Why use a Proven Project Methodology?
15 Apr 2015
In the second of our series on Project Management, George Strathie, Software & Services Director, looks at the importance of using a proven project methodology.
A methodology is a framework for the delivery of the project. It’s not a project plan, a Terms of Reference document or a training manual; it’s all of those, plus a process that suppliers or providers use to guarantee a successful outcome for each project.
Flexibility is important for a methodology. There are common methodologies such as PRINCE2 or the Microsoft methodology Sure Step, (at Castle we use PQIS), but whichever you choose, it’s important your methodology is flexible. The precise methodology you employ should depend on the size and importance of the project, size of your organisation and available resource.

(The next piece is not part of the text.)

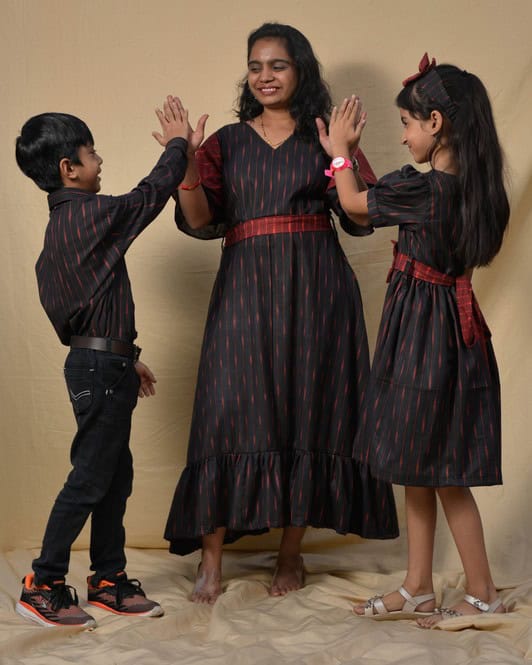 Black Diverting Threads Mom Kid Twinning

Your chosen methodology should be scalable and flexible enough for your organisation to choose which parts are most important as one size doesn’t fit all. It can be detrimental not to consider the specific conditions of your project and utilise a standard ‘out of the box’ methodology.
Whichever methodology you choose, it should have steps and deliverables. Steps mean the project is broken down into manageable chunks and it gives a yardstick to the progress of your project. The methodology should include necessary controls for key steps that ensure you are on track in regard to timescales, but also deliverables and the meeting of objectives.
Typical Methodology Steps
This is definition of the project objectives, ensuring they can be met and communicating these to the project team. These should be detailed within a Terms of Reference document that articulates all the requirements. As the implementation can be more costly than the software, it is vital that it is well defined from the outset. The Terms of Reference should be documented and agreed up front.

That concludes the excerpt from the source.